The composition of pTOCs was confirmed by X‐ray photoelectron spectroscopy (XPS), which revealed that the C/O ratio varied with the reaction temperature (Figure S9, Table S3). Thus, pTOC‐350 exhibits the highest C/O ratio of 7.48, close to the theoretical value of 7. This corresponds to the highest degree of polymerization among all pTOCs and is in agreement with the DRIFTS data. The slight deviation from the theoretical C/O value can be attributed to the cleavage of oxygen moieties at high reaction temperatures. With a C/O ratio of 6.89, pTOC‐250 likely maintains extra oxygen atoms due to incomplete polymerization. The deconvolution of the C1s signal in high‐resolution XPS spectra of pTOCs showed C−O−C components of the furane moieties at ≈286.7 eV that are consistent with literature values, further verifying the in situ formation of tetraoxa[8]circulene moieties (Figure 2B–D, Table S4–S10). The ratio of the C=O to C−O−C intensity decreases with increasing reaction temperature (Table S4–S6, S8) and is consistent with the higher degree of polymerization in pTOC‐350. This result is further verified by the deconvolution of the O1s region, where the C=O component is almost negligible for pTOC‐350 (Figure 2E–G, Table S7–S9), confirming that a higher reaction temperature is necessary to facilitate dehydration and subsequent aromatization of the polymer backbone (Figure 2B–G).

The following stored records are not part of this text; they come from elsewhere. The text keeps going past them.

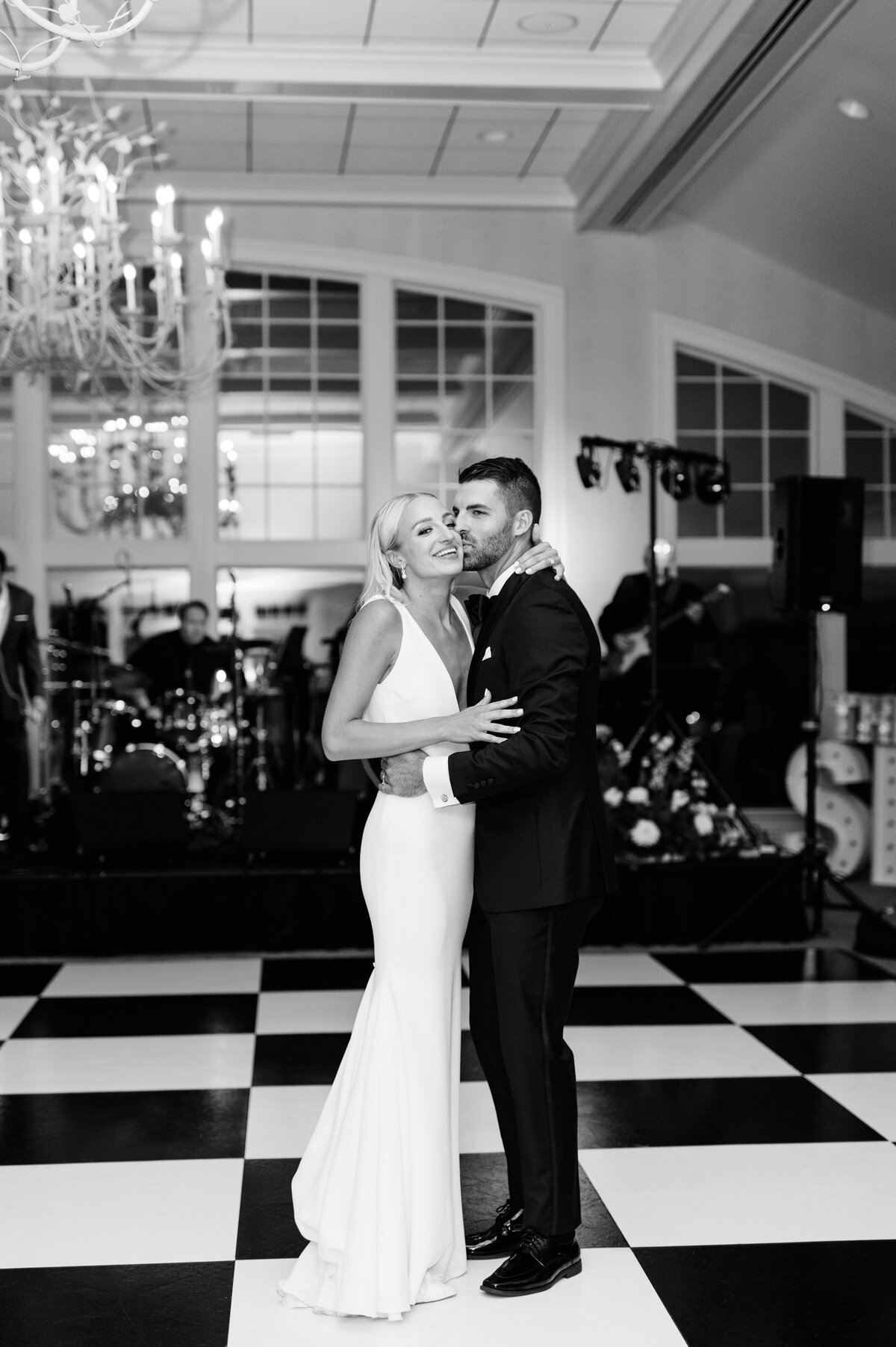 Bride and groom first dance on checkered dance floor with live band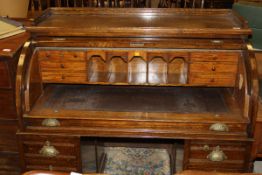 An early 20th Century oak roll top pedestal desk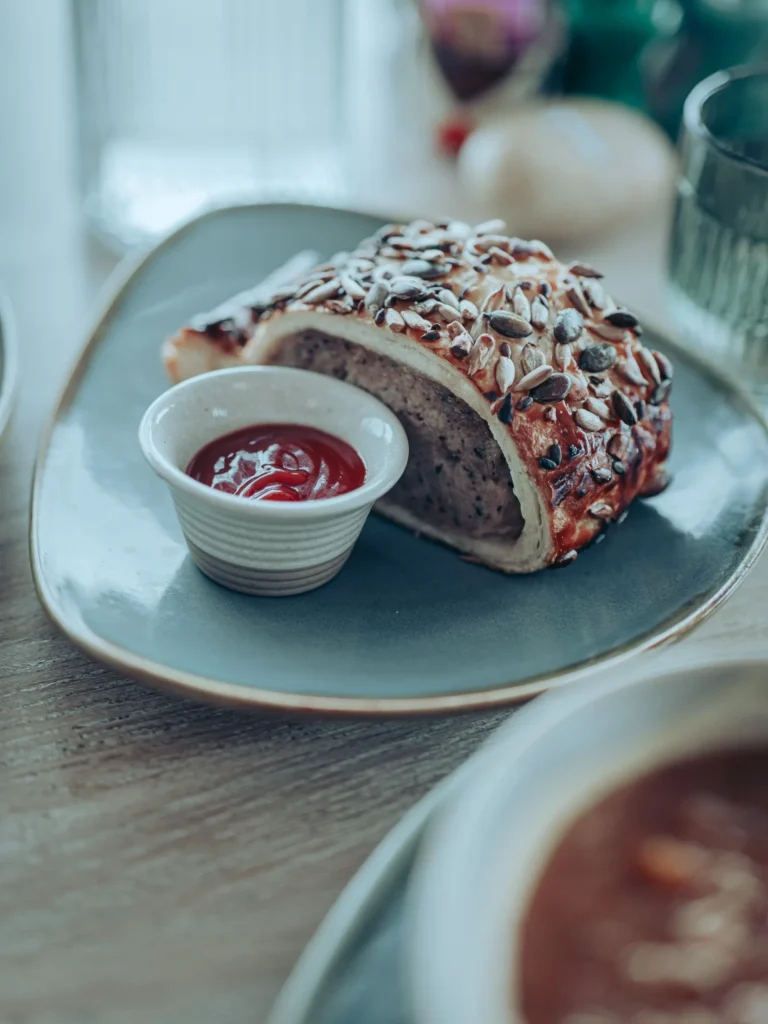 Seeded sausage roll served with a small pot of sauce at the Linnhe Storehouse and Cafe at Portnacroish, Argyll.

Raman spectra of the pTOCs were recorded using a Raman microscope at an excitation wavelength of 535 nm. The polymers showed two strong peaks at 1365 cm−1 and 1595 cm−1 (Figure S4) assigned as D (defect) and G (graphene) bands, respectively. This behavior has also been observed in fully conjugated systems prepared under solvothermal conditions.[ , ] The I D/I G ratio decreases with increasing reaction temperature, from 0.75 for pTOC‐250 to 0.62 for pTOC‐350, indicating both the increased proportion of fused aromatic rings and decreased defects with increasing reaction temperature.. These compositional changes were also reflected macroscopically in the morphology of the various pTOCs. Thus, scanning electron microscopy (SEM) revealed that samples produced at elevated temperatures present as much smoother, more regular particles that contrast with the irregular, highly corrugated microparticles produced at lower temperatures (Figure S6).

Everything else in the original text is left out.